Please refer to the originator package insert (Talion® or Belion®) and CDSCO prescribing guidance for complete warnings, contraindications, and precautions before any clinical or regulatory use.
Conclusion and Next Steps
Decision: Proceed with Guardrails
Rationale: The TxGNN prediction of bepotastine for allergic urticaria is mechanistically direct — H1 receptor blockade is the established first-line treatment for urticaria, and bepotastine is already approved for this exact indication in Japan and Korea. An RCT conducted in India (PMID 37067147) directly comparing bepotastine vs. levocetirizine in chronic spontaneous urticaria further strengthens the evidence base. The primary barrier is regulatory, not scientific: bepotastine is not yet registered in India.
To proceed, the following is needed:
- CDSCO regulatory filing: Prepare a New Drug Application (NDA) for bepotastine besilate, leveraging existing Japanese/Korean regulatory dossiers as reference data packages.

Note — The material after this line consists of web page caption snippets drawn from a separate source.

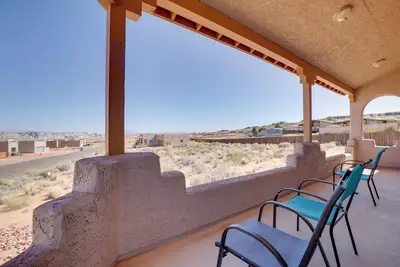 Image de Nouveau! Adobe Animaux de compagnie ~ 7 miles à Lake Powell!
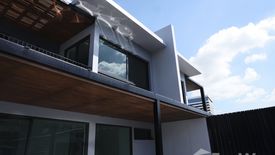 4 Bedroom Villa for rent in Khlong Tan Nuea, Bangkok
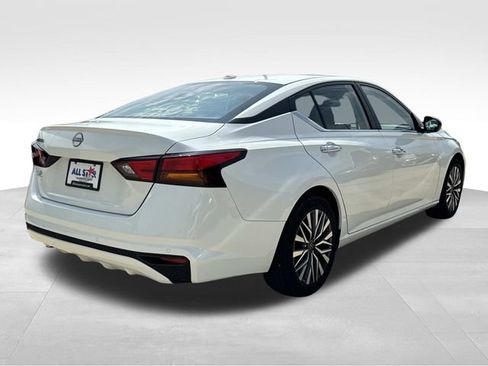 Used 2025 Nissan Altima 2.5 SV FWD image 9
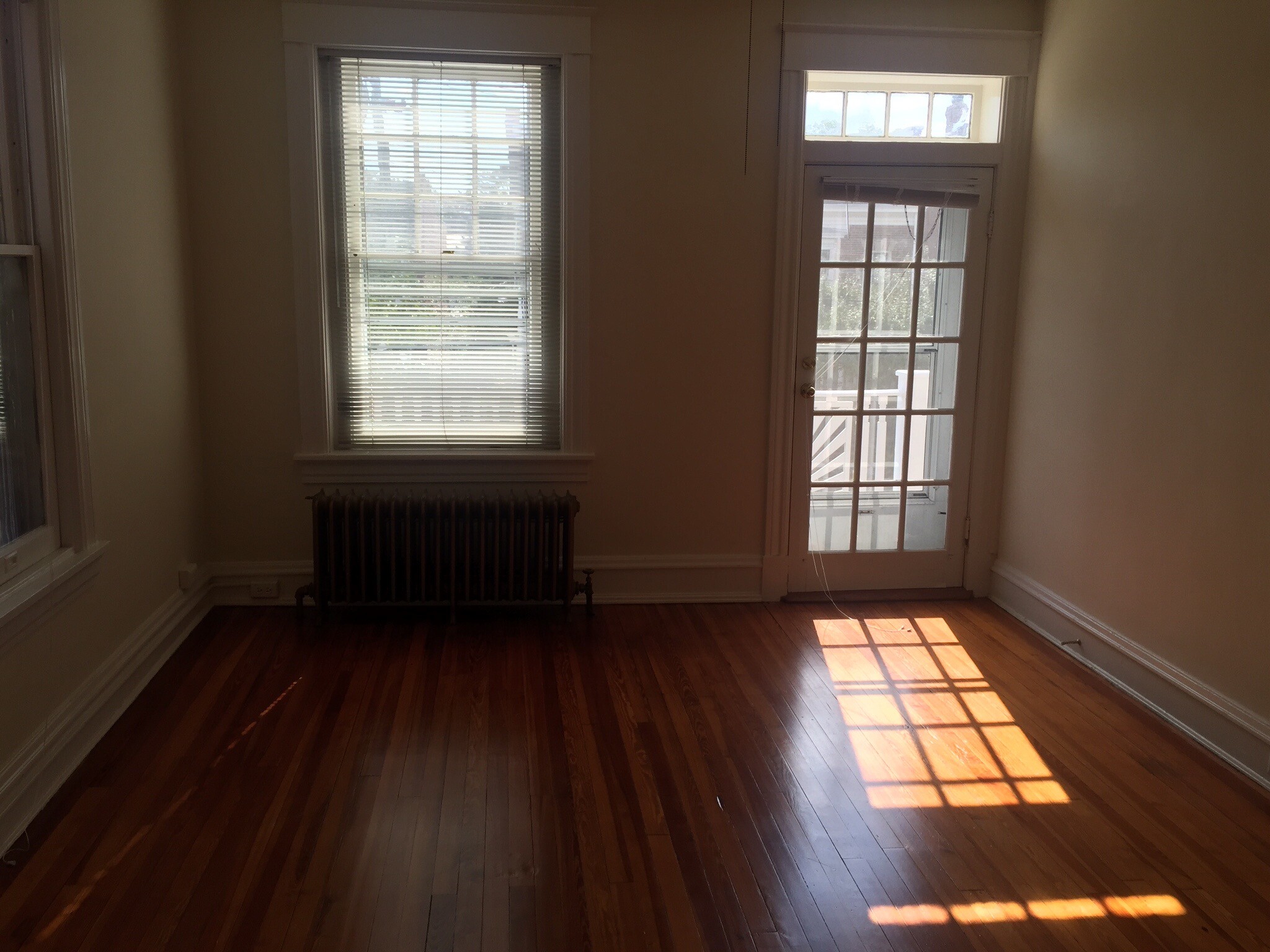 Front Living Room - 2810 Floyd Ave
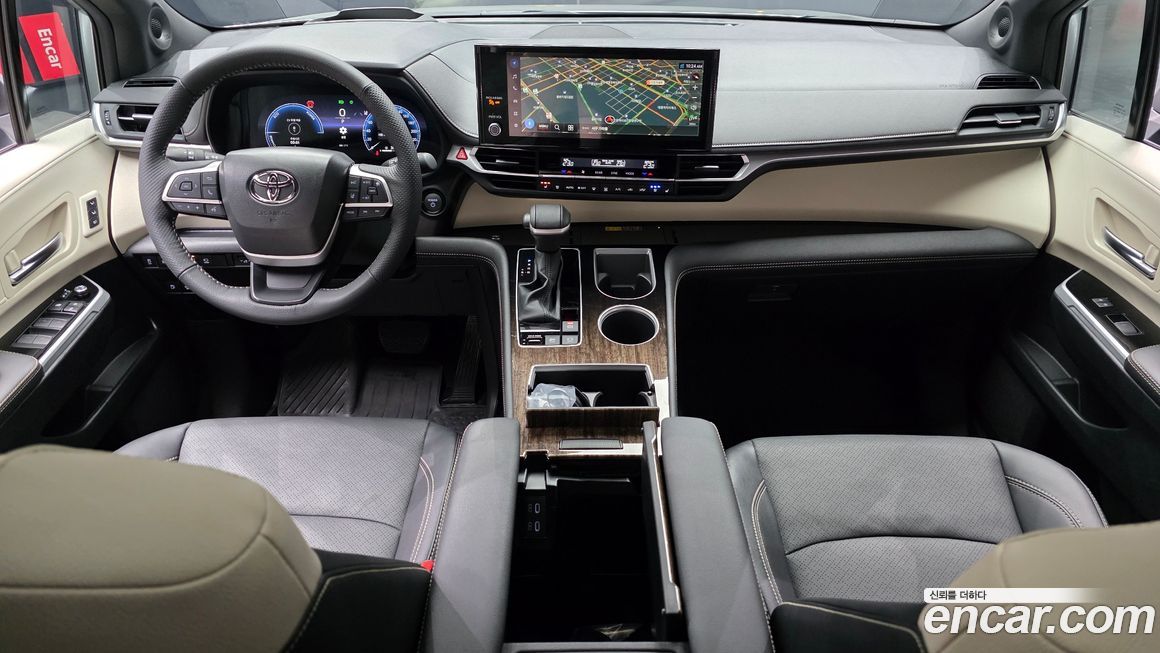 Toyota Sienna 2025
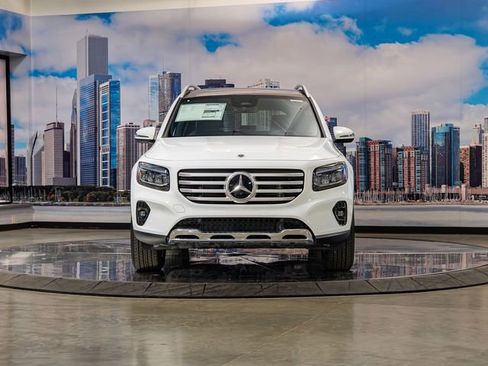 Used 2026 Mercedes-Benz GLB 250 4MATIC image 3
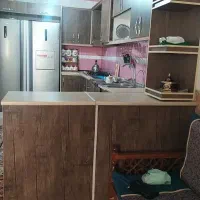 کابینت آشپزخانه قهوه‌ای و شیری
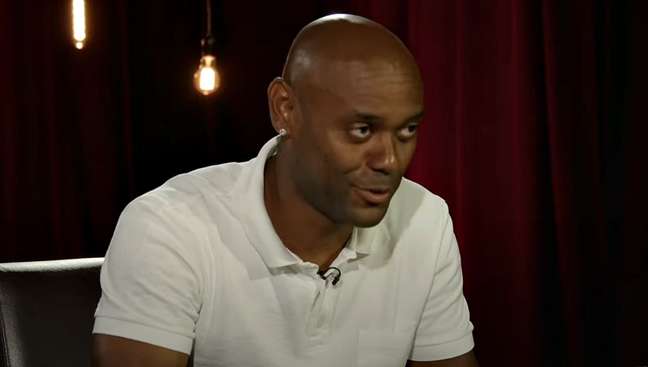 Vagner Love elogia a Fiel e diz que torcida do Flamengo é boa 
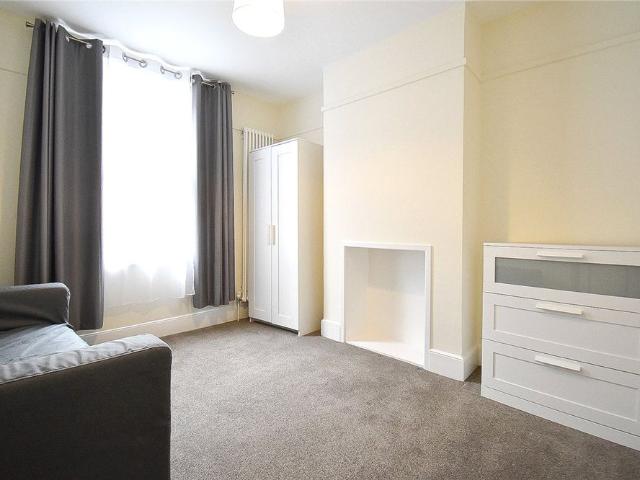 Well presented 4 bedroom end terrace Victorian property situated in this highly sought after area with excellent access to Addenbrookes Hospital and within walking distance of the railway station and City centre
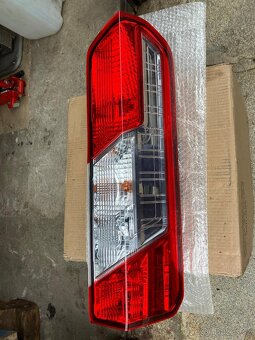 Ford Transit pravé zadní světlo - ORIGINÁL - 2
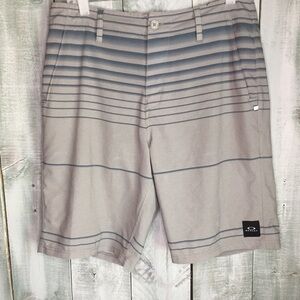 Mens OAKLEY Golf Shorts Blue Gray Striped 32W Athletic Stretch 10” Inseam
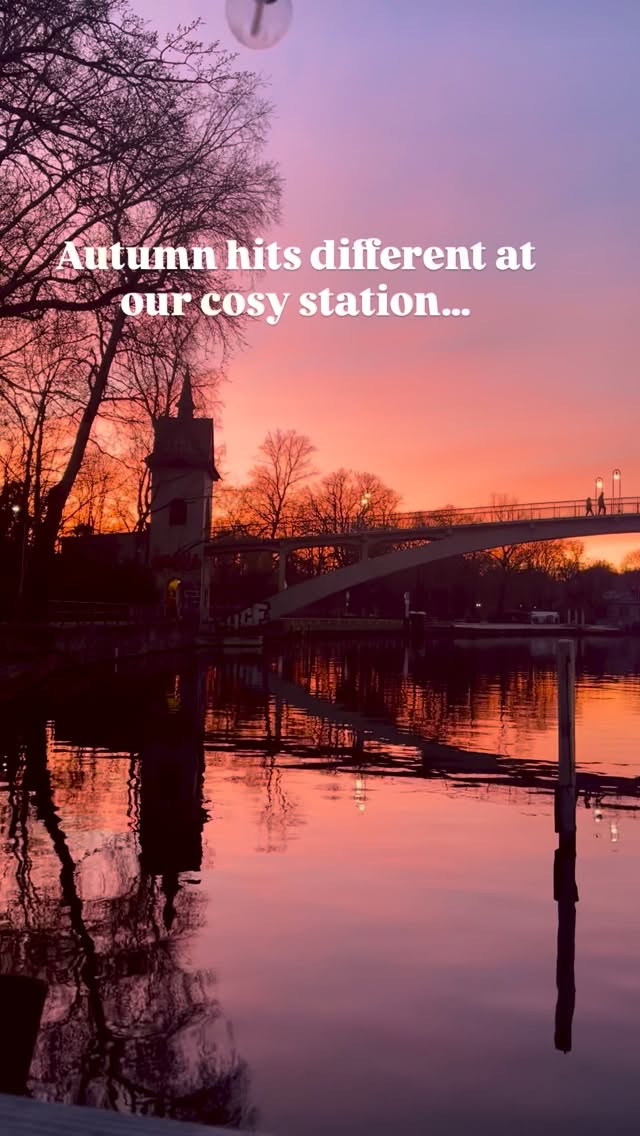 Welcome to Autumn at Badedampfer 🍁🍂
When the evenings come in, the fairy lights glow a little warmer, the incense weaves through the air, and the scent of Glühwein fills our special place on the water.
Our crew moves through the station - filling the tubs with steaming hot water, stoking the wood fires on board, getting everything ready for our guests to experience Berlin’s coziest autumn activity.
This isn’t just a place that stays open all year round — this is the season made for Badedampfer.
Come see how magical it feels when the city slows down and the steam rises from the water. 🍂🚤🕯️
#Badedampfer #BerlinAutumn #CozySeason #HotTubBoats #BerlinVibes #HerbstinBerlin #thingstodoinberlin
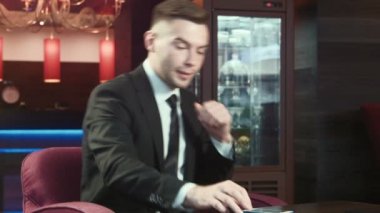 Toplantı için bekleyen iş adamı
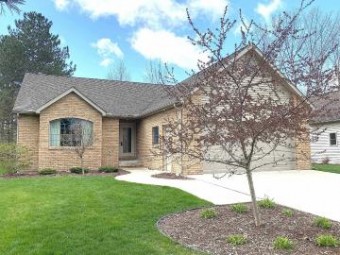 803 Whispering Pines Lane Bay City, MI 48708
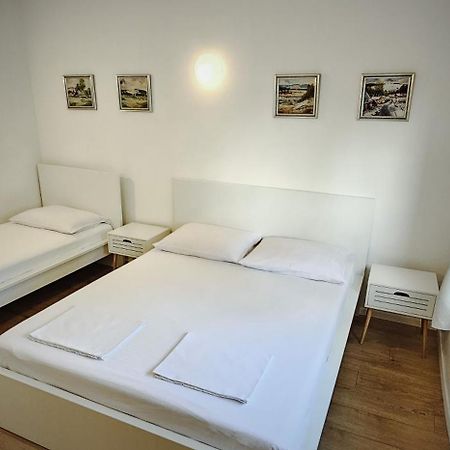 Apartment Buco Starigrad Paklenica Luaran gambar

- India-specific clinical data: The 2023 RCT (PMID 37067147) was conducted in India — this should be formally incorporated into a regulatory submission to demonstrate local efficacy and safety data.
- Complete safety dossier: Retrieve and review the full originator package insert (Talion®/Belion®) to document warnings, contraindications, and drug interactions for CDSCO submission.
- MOA documentation: Retrieve DrugBank MOA records for the full mechanistic justification section required in regulatory filings.
- Paediatric dosing strategy: Define whether the product will seek a paediatric indication, given the data gap noted in PMID 38543228.
- Post-marketing surveillance plan: Given the rare risk of antihistamine-induced urticaria (PMID 27803886), include a pharmacovigilance protocol for hypersensitivity monitoring.
⚠️ Disclaimer: This report is for research reference purposes only and does not constitute medical advice. Drug repurposing candidates require clinical validation before application. All findings should be interpreted in the context of formal regulatory and clinical review.
Disclaimer
This content is for research purposes only and does not constitute medical advice. Clinical validation is required before any clinical application.